Другому адресату Тургенев писал о «детской философии» Толстого и о том, что упущен столь важный для той эпохи «декабристский элемент». Он с недоумением спрашивал, отчего в этой книге все хорошие женщины оказываются самками да к тому же дурами, а «все порядочные люди тоже какие-то чурбаны — с малой толикой юродства». Вряд ли его суждения основаны на воспоминаниях о безнадежно испорченных собственных личных отношениях — Тургенев был слишком художник, чтобы позволить себе необъективность оценки по соображениям, не касающимся литературы. Просто он судил о «Войне и мире» по своим критериям психологически достоверного романа, в котором должен быть правдиво воссоздан строй понятий и мир отношений в изображаемое время. А эти критерии были неприложимы к книге Толстого не только в силу его писательской индивидуальности, но и по характеру жанра, понадобившегося для решения главных творческих задач.
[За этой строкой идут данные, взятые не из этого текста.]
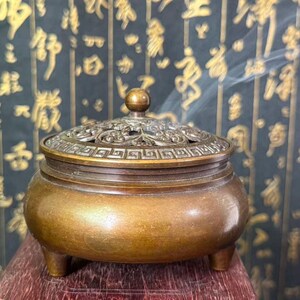 May include: A round bronze incense burner with three short legs and a removable lid. The lid features an intricate openwork floral pattern and a geometric border. A small spherical knob sits at the center of the lid, and thin wisps of smoke rise.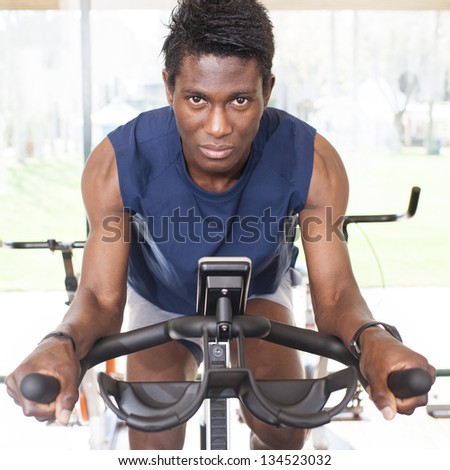 young black man riding an exercise bike
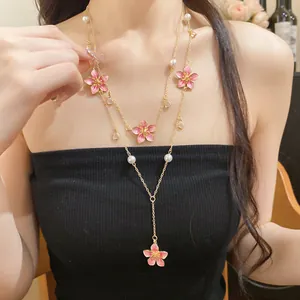 Close-up of a layered Y-shaped necklace featuring pink enamel flowers and faux pearls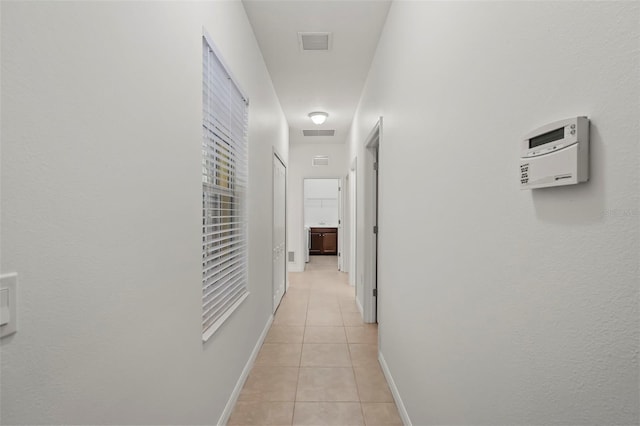 hallway with baseboards, visible vents, and light tile patterned flooring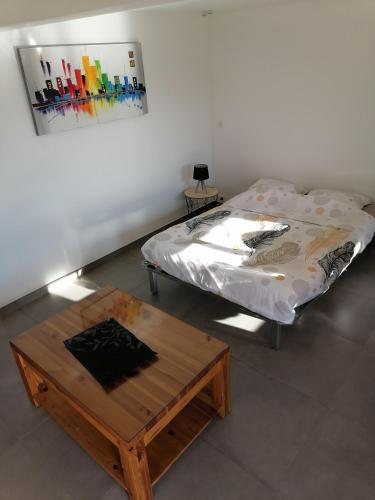 uma cama e uma mesa de centro num quarto em les vignes em Villaz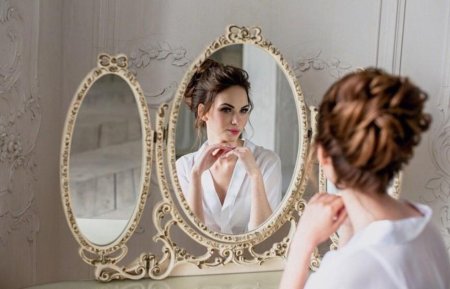Девушка смотрится в зеркало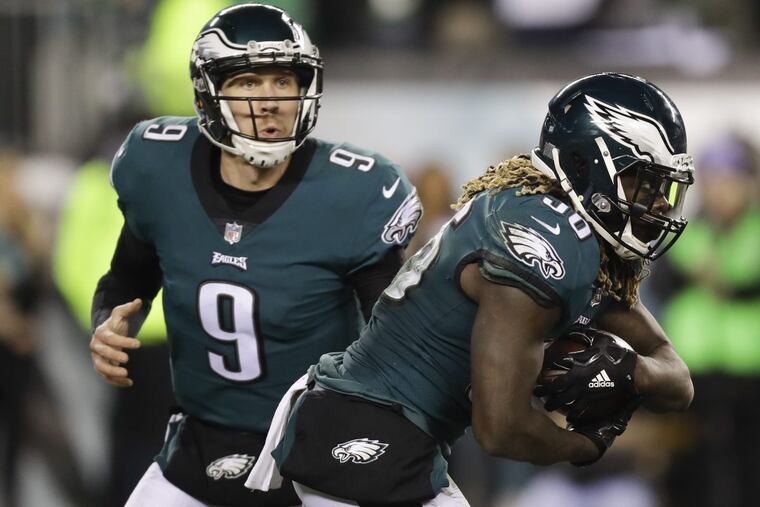 Eagles’ quarterback Nick Foles (left) hands the ball off to running back Jay Ajayi. Foles has used RPO’s, where he has the option to hand the ball off or take it and throw it, with great success during the playoffs.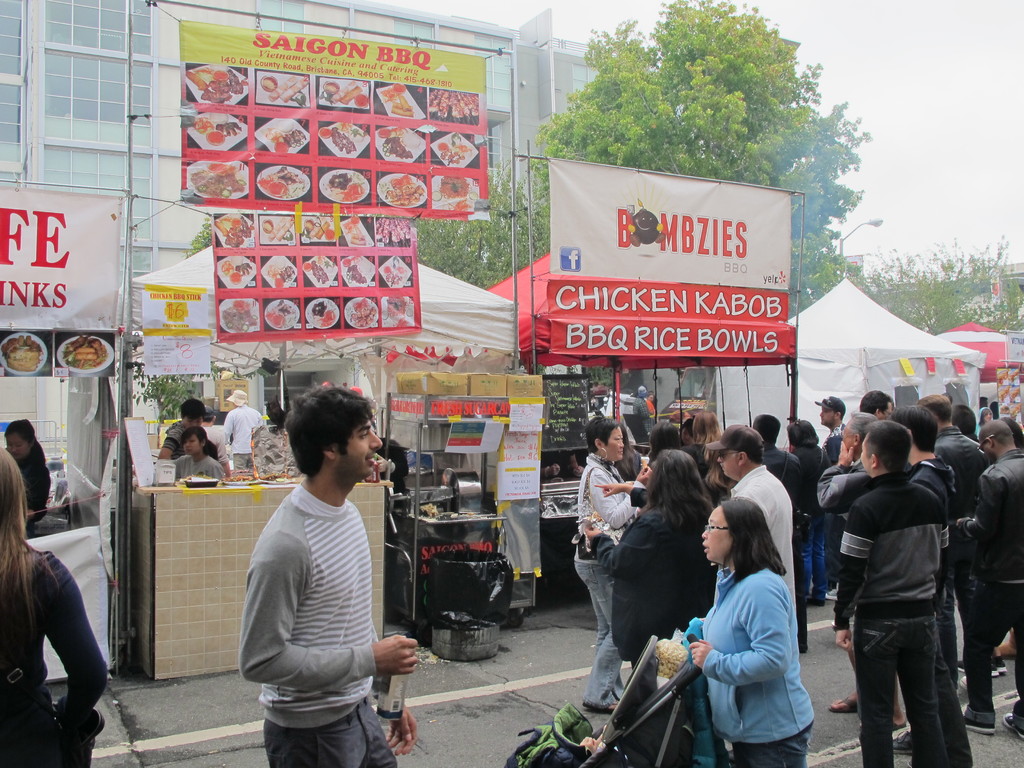 Menschen auf einer Straße außerhalb der Stadt, mit einem Mann in einem grauen und weißen T-Shirt, der eine Wasserflasche hält, und einer Frau in einer blauen Jacke, die einen Kinderwagen schiebt. Im Hintergrund sind Stände mit weißen und roten Zelten, farbige Banner und Gebäude, Bäume und eine Straßenlaterne zu sehen.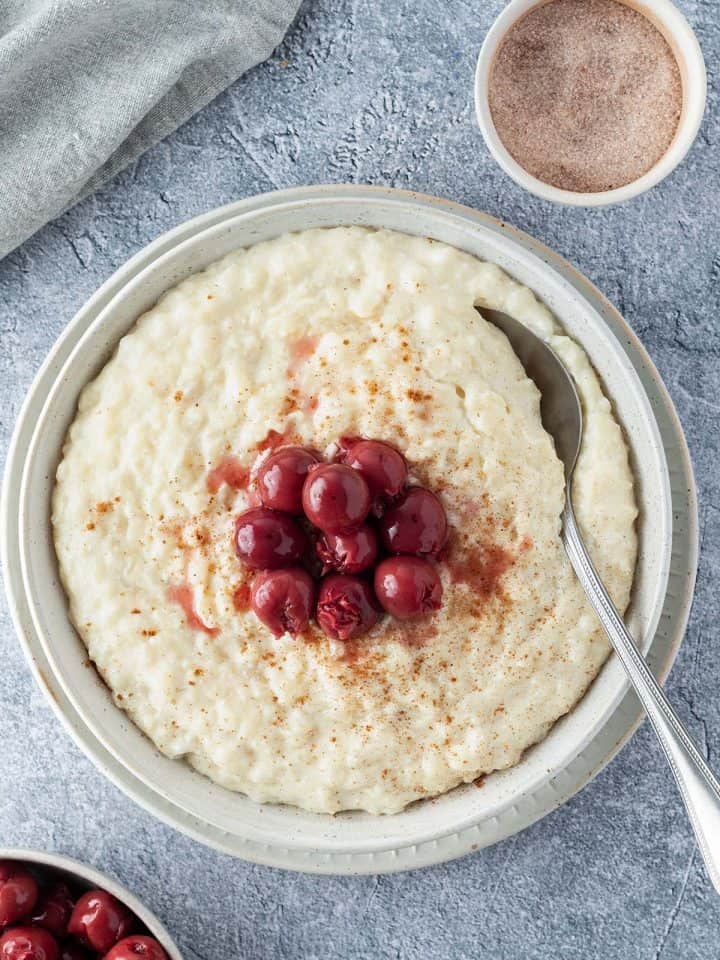 Cremiger Milchreis serviert mit Krischen und Zimt.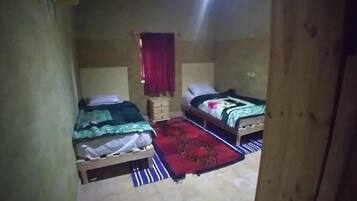 Una habitación estrecha con dos camas, un pequeño armario de madera y una cortina roja.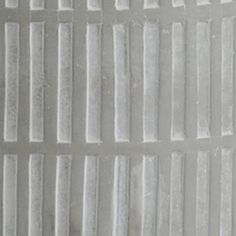 a close up view of the texture of white plastic sheeting with vertical lines on it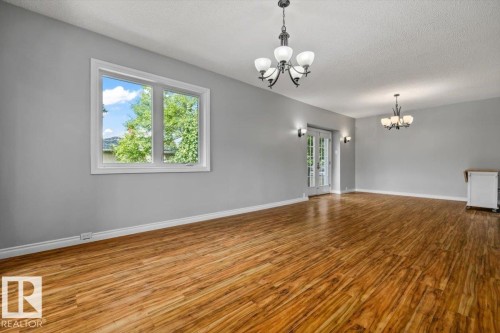 Wood-finish flooring, white trim, multiple chandeliers, wall sconces, and French doors - 11429 64 Street Nw, Edmonton, AB - Indoor Photo Showing Other Room
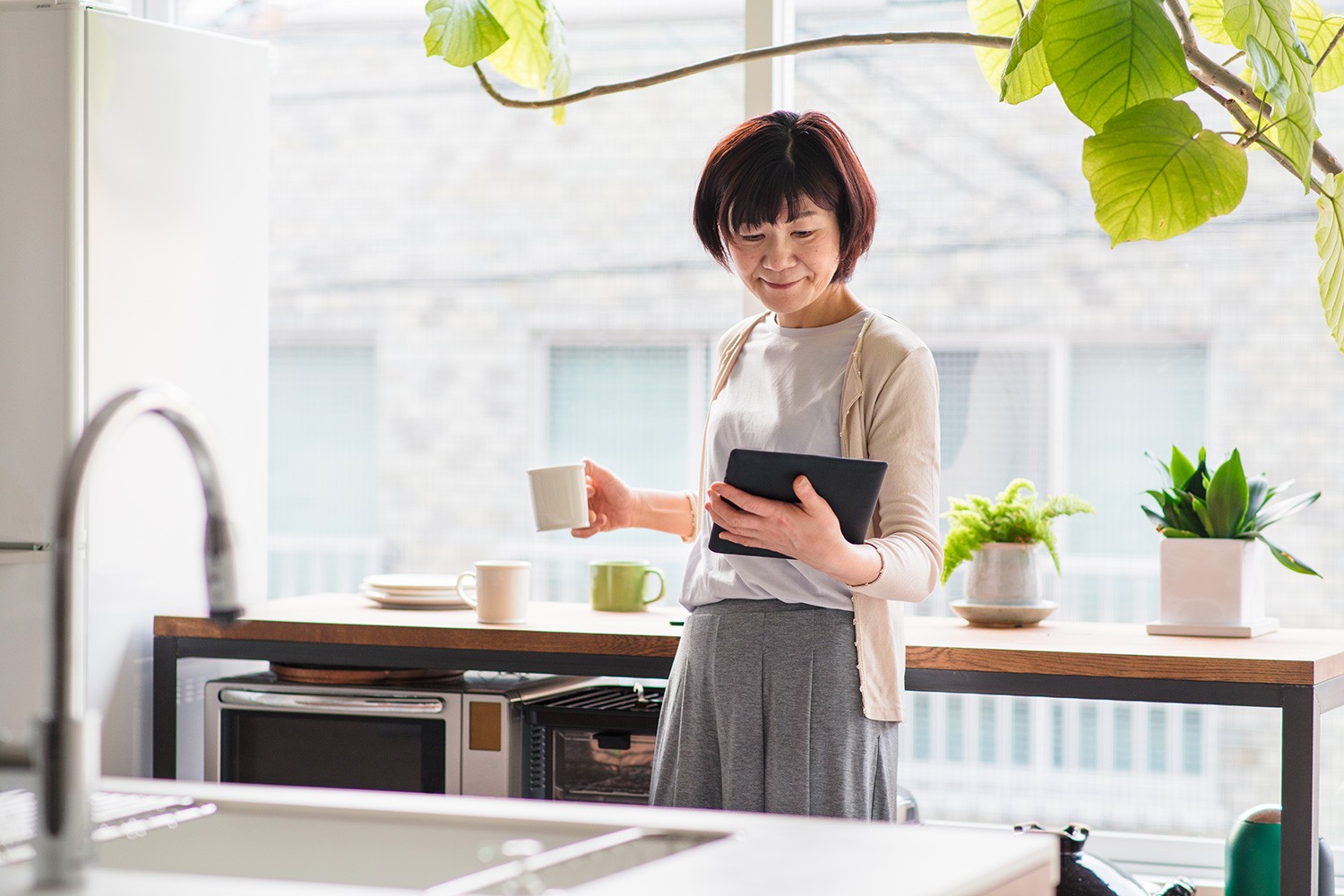 Woman looking at social media on her tablet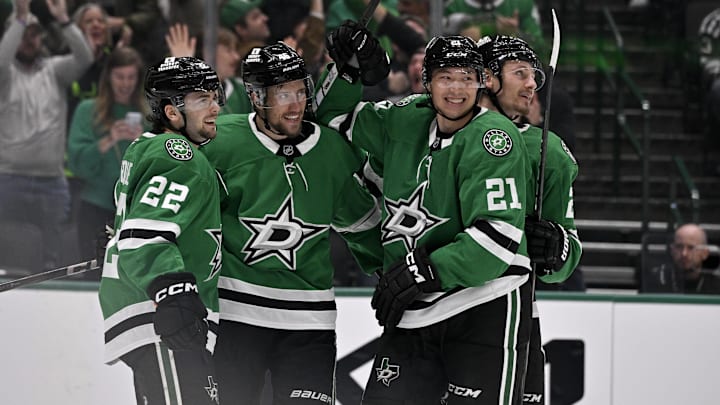Mar 4, 2025; Dallas, Texas, USA;Dallas Stars center Mavrik Bourque (22) and defenseman Ilya Lyubushkin (46) and left wing Jason Robertson (21) and center Roope Hintz (24) celebrate a goal during the game between the Dallas Stars and the New Jersey Devils at the American Airlines Center.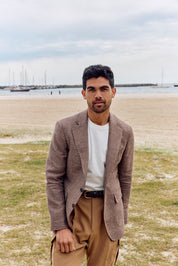 Man standing on a beach wearing a brown blazer and beige pants.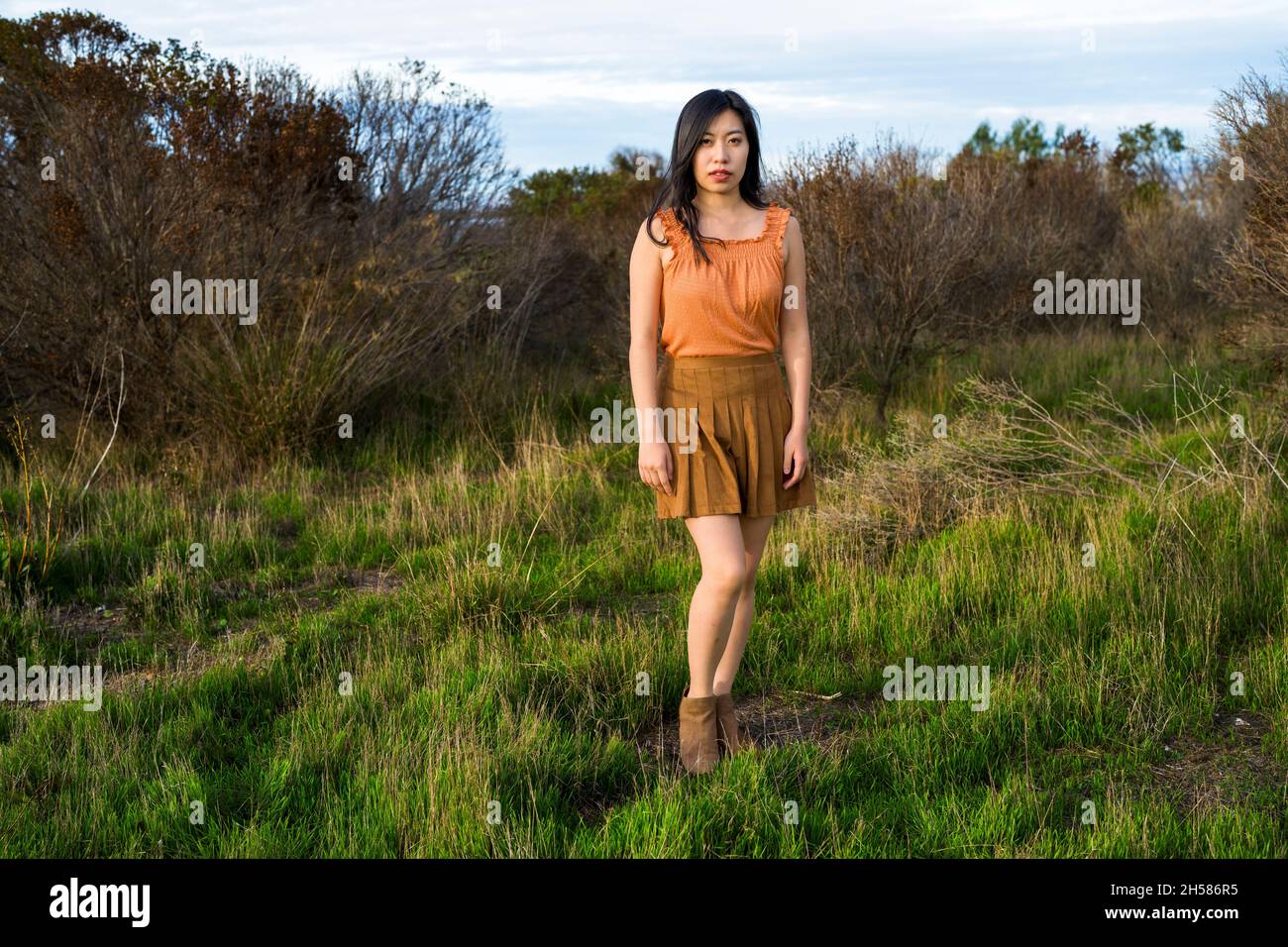 Giovane donna asiatica in colori autunnali a piedi nelle Marshlands Foto Stock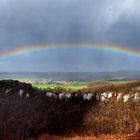 Dorf unter Panorama-Regenbogen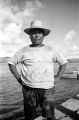 Guam, portrait of man in straw hat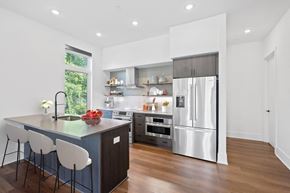 Cincinnati apartment for rent - a kitchen with a large island and a stainless steel refrigerator at Four23/Hoge, Ohio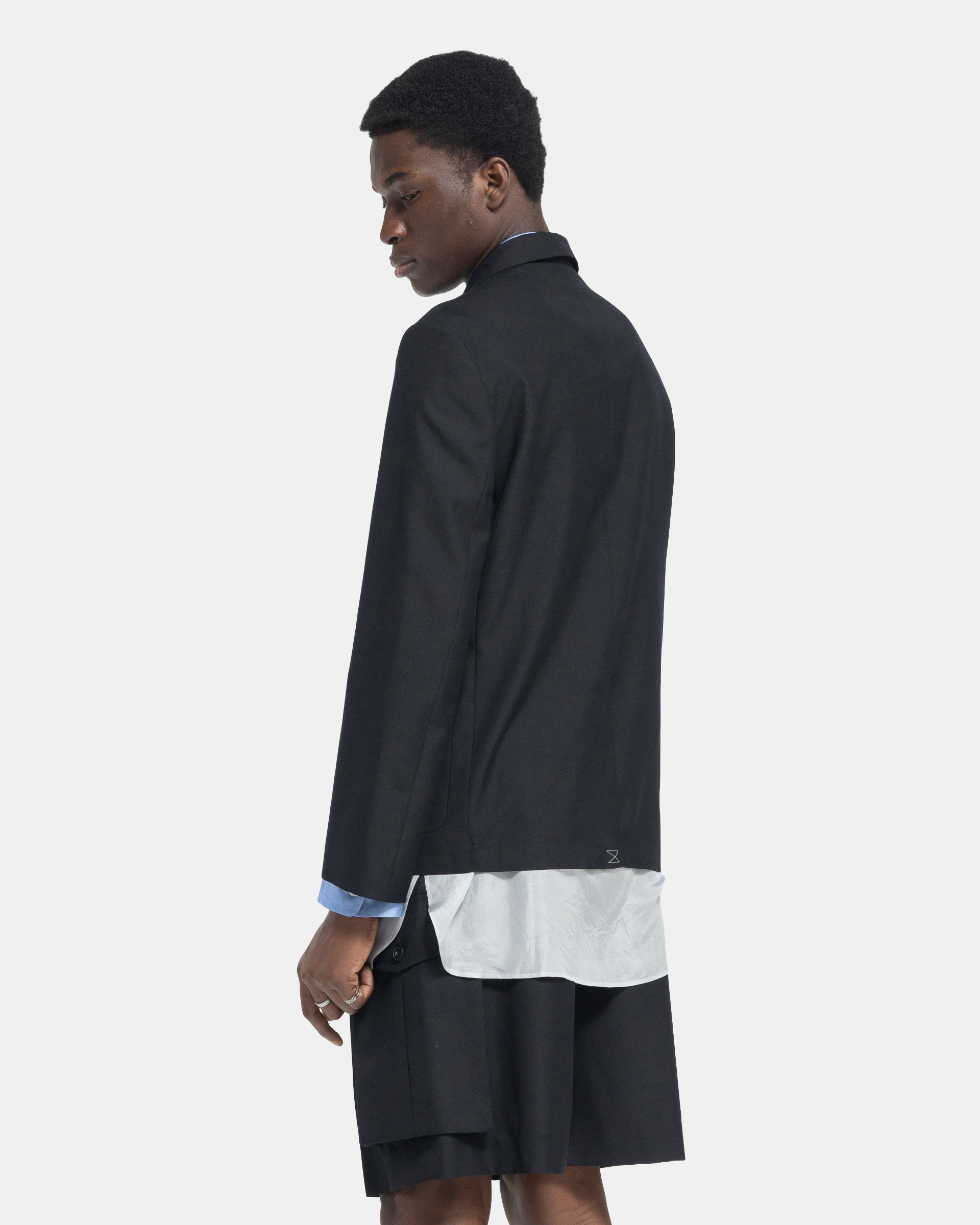 Model wearing Dries Van Noten Barleys Jacket in Black on white background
Десять лет спустя появился французский перевод «Войны и мира», сделанный княгиней Воронцовой-Дашковой. Тургенев принес эти тома Флоберу, прежде никогда Толстого не читавшему. И все повторилось: Флобер испытывал восторг, пока перед ним был «художник» и «психолог», но решительно отверг «философа», да еще приверженного идеям, не представляющим интереса ни для кого, кроме русских. Пространные исторические отступления, мысли о границах свободы и необходимости, об истинных и иллюзорных ценностях жизни — все это неприемлемо для Флобера с его требованиями абсолютно объективного повествования.